*** Data excerpt Section Begins ***

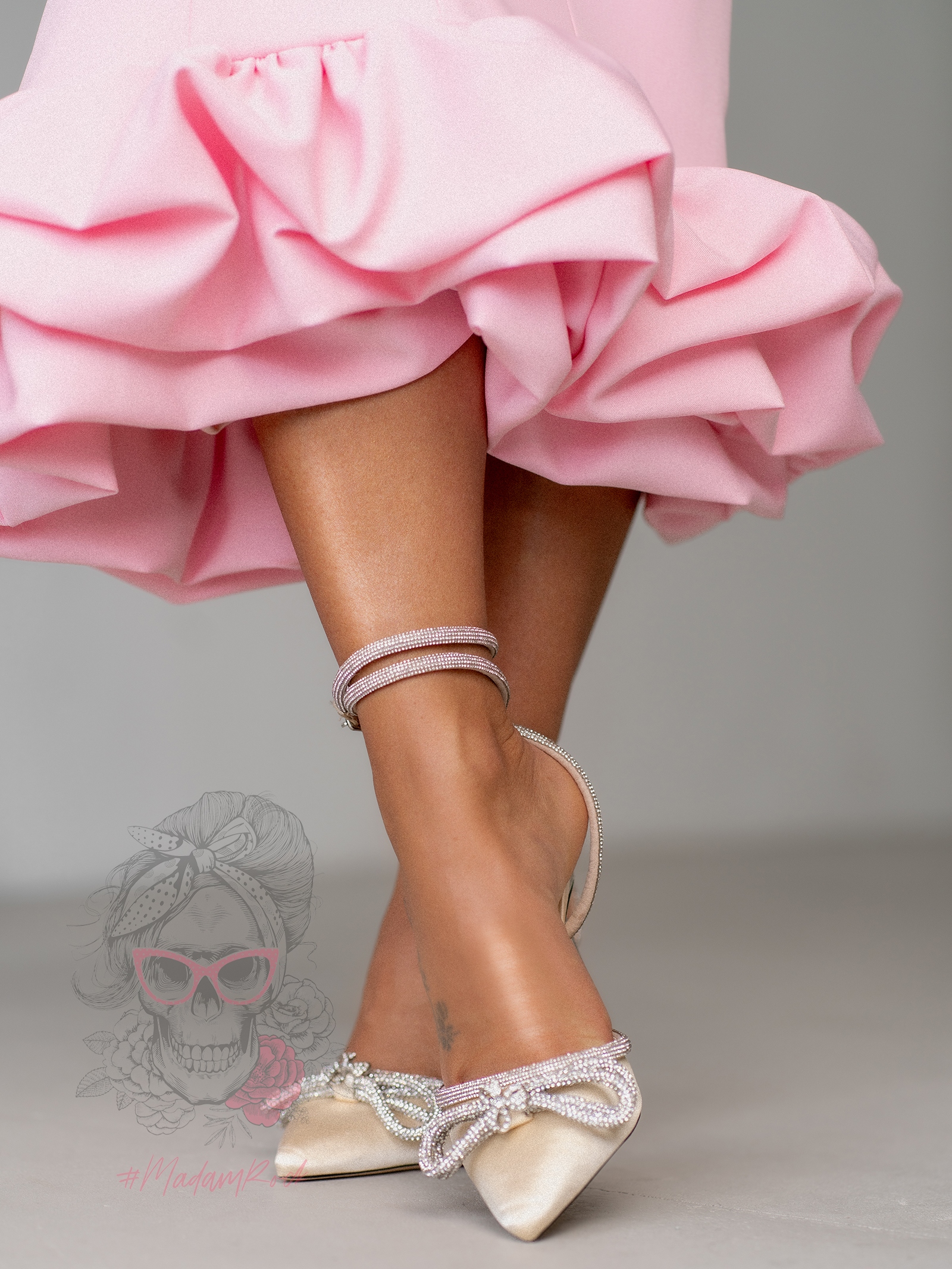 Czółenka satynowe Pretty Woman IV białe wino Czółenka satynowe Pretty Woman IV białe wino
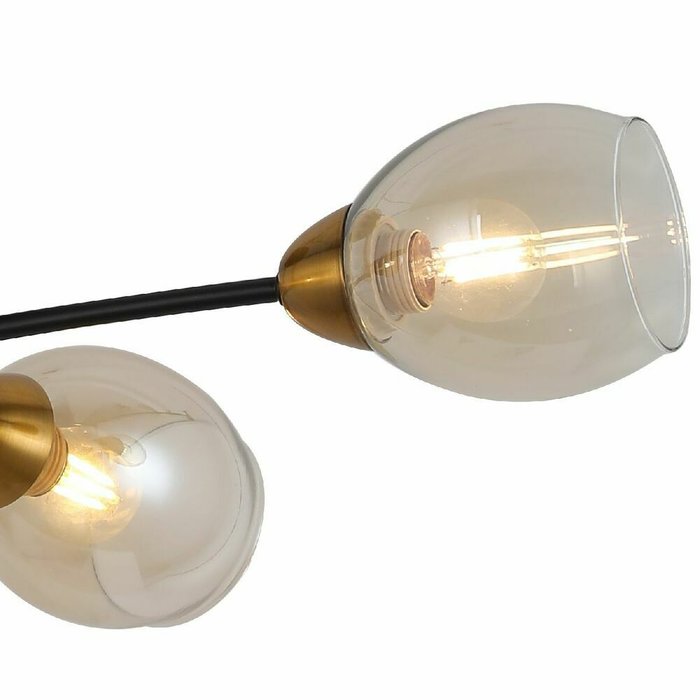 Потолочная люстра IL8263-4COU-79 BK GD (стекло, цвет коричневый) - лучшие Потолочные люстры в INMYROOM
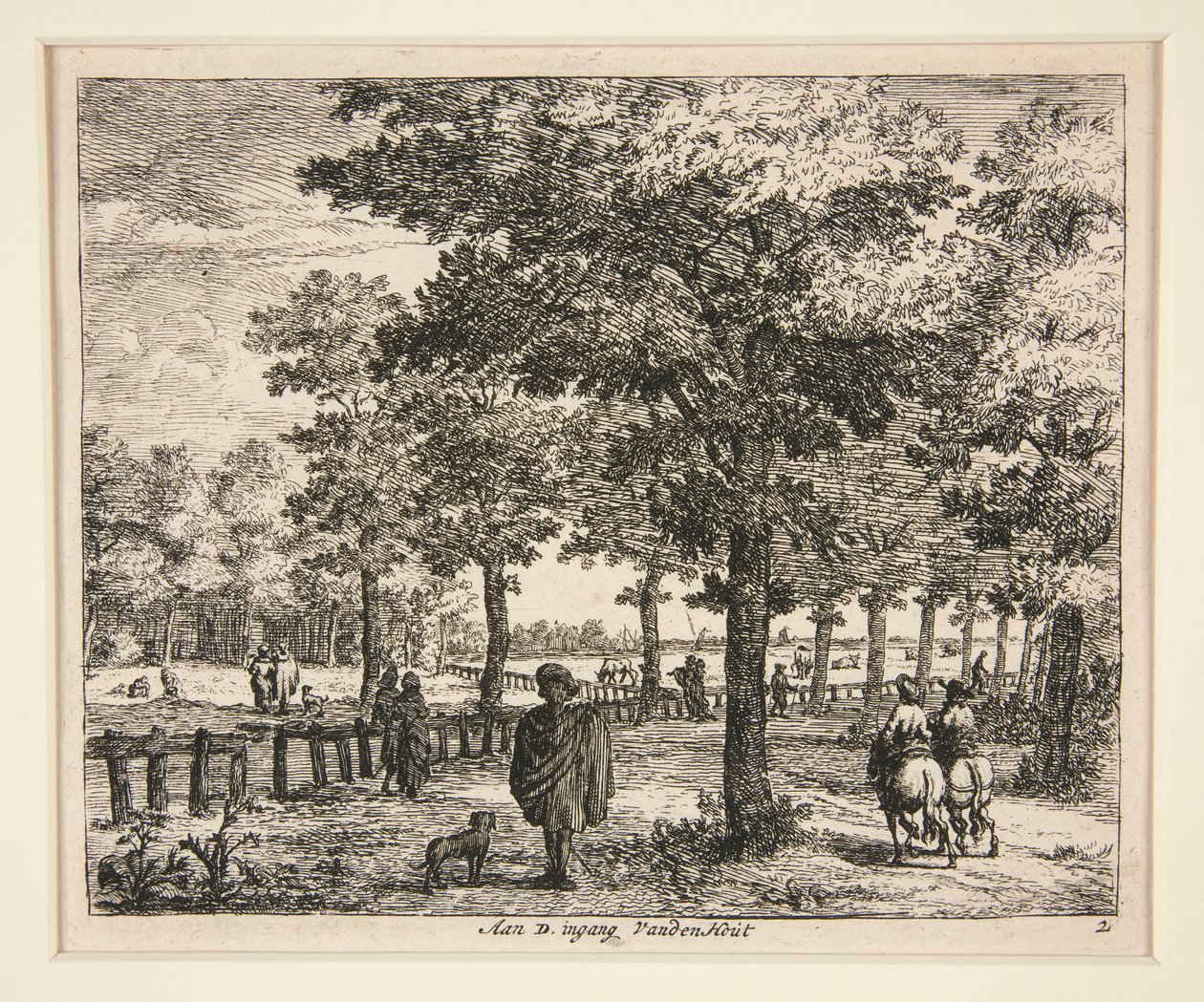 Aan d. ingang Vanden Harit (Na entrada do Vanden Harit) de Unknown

*** Data excerpt Section Ends ***

» Work instructions
Only the pictures stay behind; everything else in the data above is to be retyped exactly.

» Your response
 Czółenka satynowe Pretty Woman IV białe wino Czółenka satynowe Pretty Woman IV białe wino
 Потолочная люстра IL8263-4COU-79 BK GD (стекло, цвет коричневый) - лучшие Потолочные люстры в INMYROOM
 Aan d. ingang Vanden Harit (Na entrada do Vanden Harit) de Unknown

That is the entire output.